SKOPJE, Macedonia, March 28 (UPI) -- Possibly irked by persistent American U-2 aerial spy missions above its fringes, Russia on Thursday fired a "Topol" RS-12M intercontinental ballistic missile from a mobile launcher. On Wednesday, Agriculture Minister Alexei Gordeyev offered Iraq aid in the form of wheat. The Russian Grain Union, the industry lobby group, claims to have already provided the besieged country with half a million tons of grain under the oil-for-food program.

Russia linked with Syria in declining to approve the new oil-for-food draft resolution as long as it implied a regime change in Iraq. Russia's Parliament, the Duma -- having failed to ratify a key nuclear treaty with the United States -- called to increase defense spending this year by at least 3.5 percent of gross domestic product, or about $4 billion.

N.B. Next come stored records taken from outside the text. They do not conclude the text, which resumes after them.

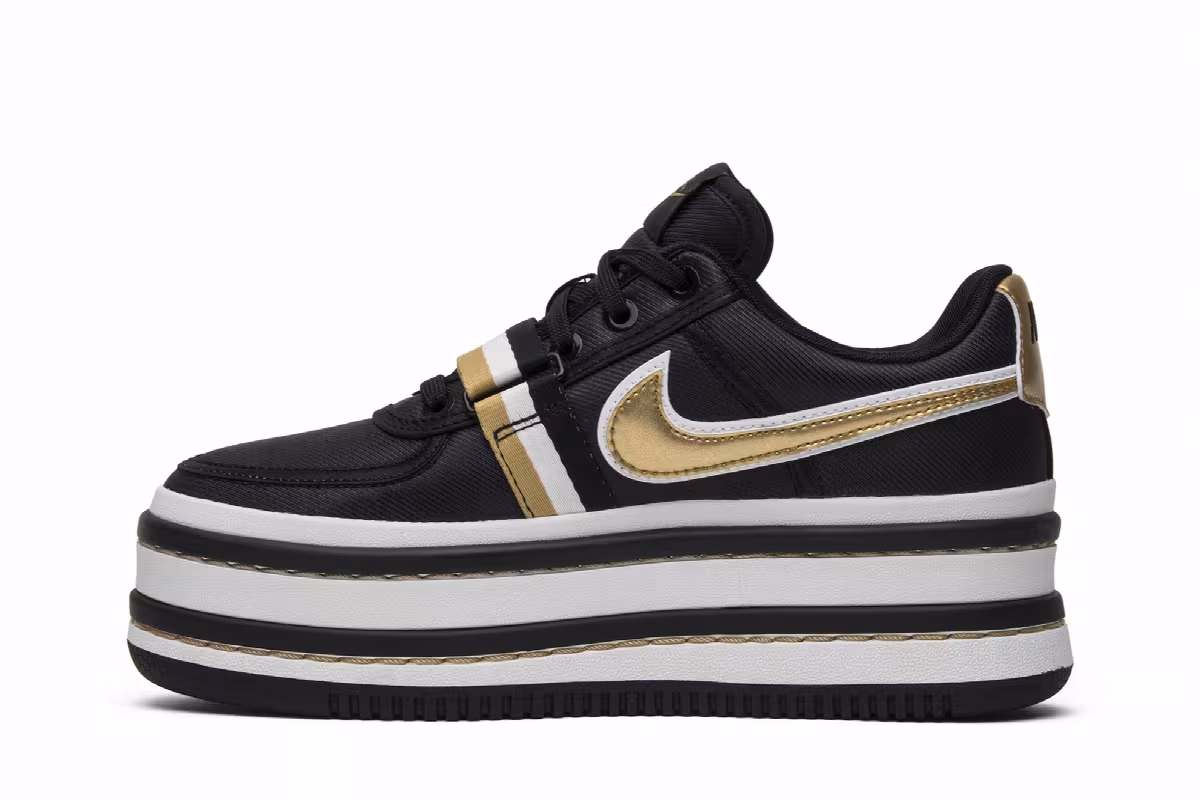 Nike Women's Vandal 2K Metallic Gold, view 4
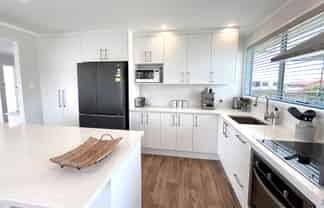 9 Puriri Avenue, Kaiaua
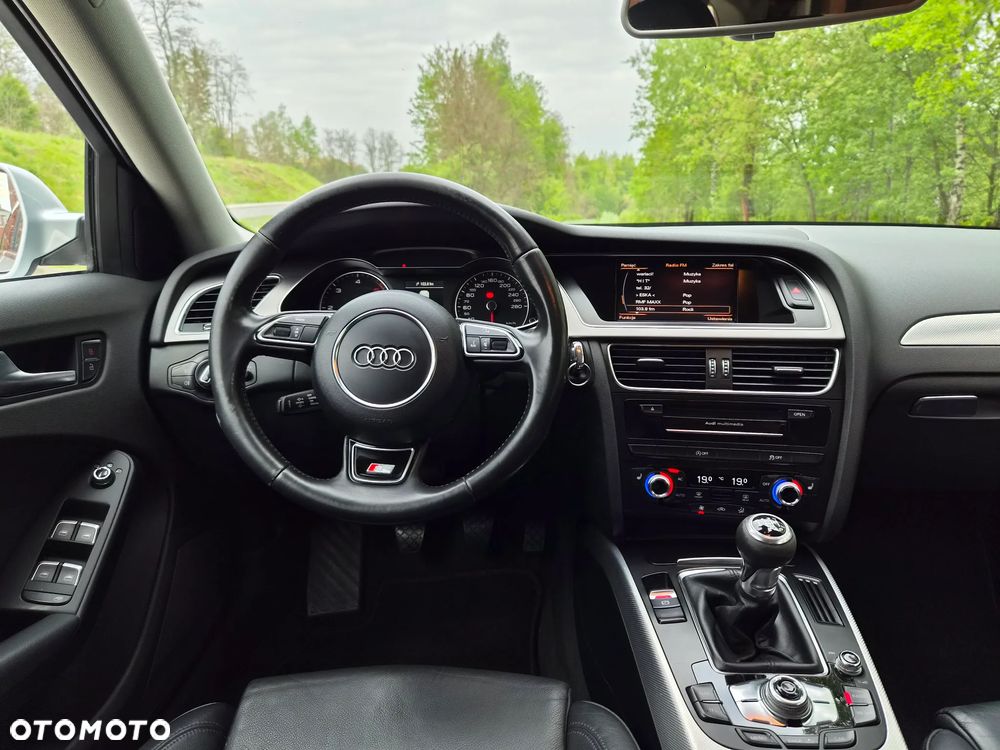 Audi A4 Avant 2.0 TDI DPF S line Sportpaket - 17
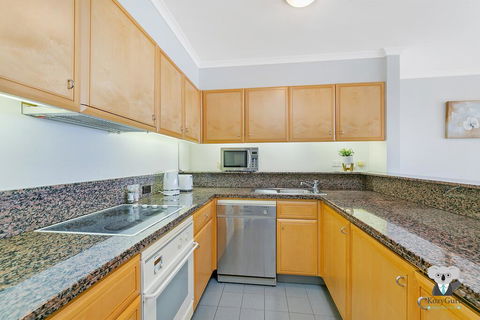 KOZYGURU THE ROCKS HARBOUR BRIDGE VIEW 1 BED APT SWIMMING POOL NTR098 - Dalby Accommodation 3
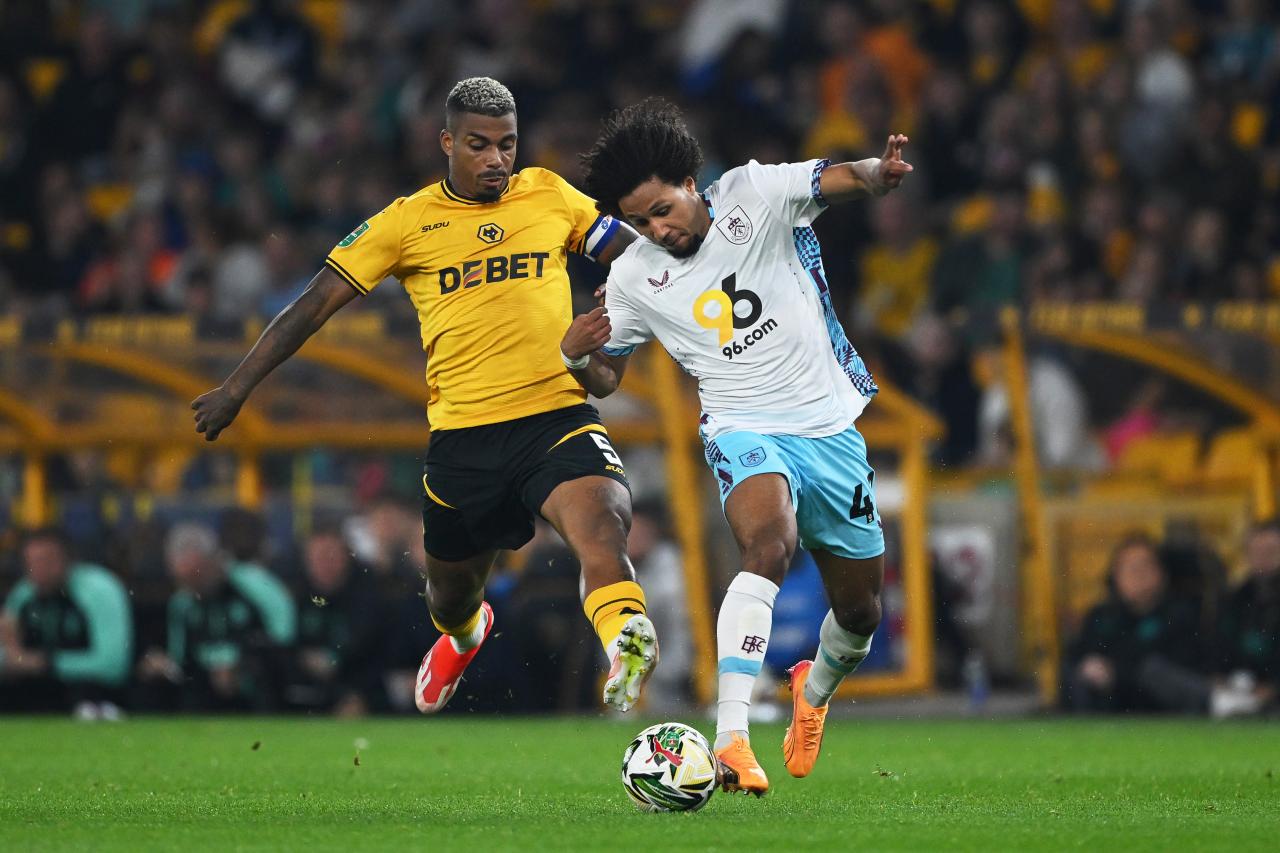 Augsburg announce Massengo signing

Only 28 percent of Russians polled now view the United States favorably, compared with 68 percent a mere few months ago. A majority of 55 percent disapprove of the United States in a country that was, until very recently, by far the most pro-American in Europe. A Russian telecom, Excom, is offering unlimited free phone calls to the White House to protest U.S. "aggression."


Washington, on its part, has accused the Russian firm, Aviaconversiya, of helping Iraqi forces to jam global positioning system signals. Other firms -- including anti-tank Kornet missile manufacturer, KBP Tula -- have also been fingered for supplying Iraq with sensitive military technologies.

These allegations were vehemently denied by President Vladimir Putin in a phone call to Bush, and ridiculed by the companies ostensibly involved. Russia exported about $5 billion of military hardware and another $2.6 billion in nuclear equipment and expertise last year, mostly to India and China -- triple the 1994 figure.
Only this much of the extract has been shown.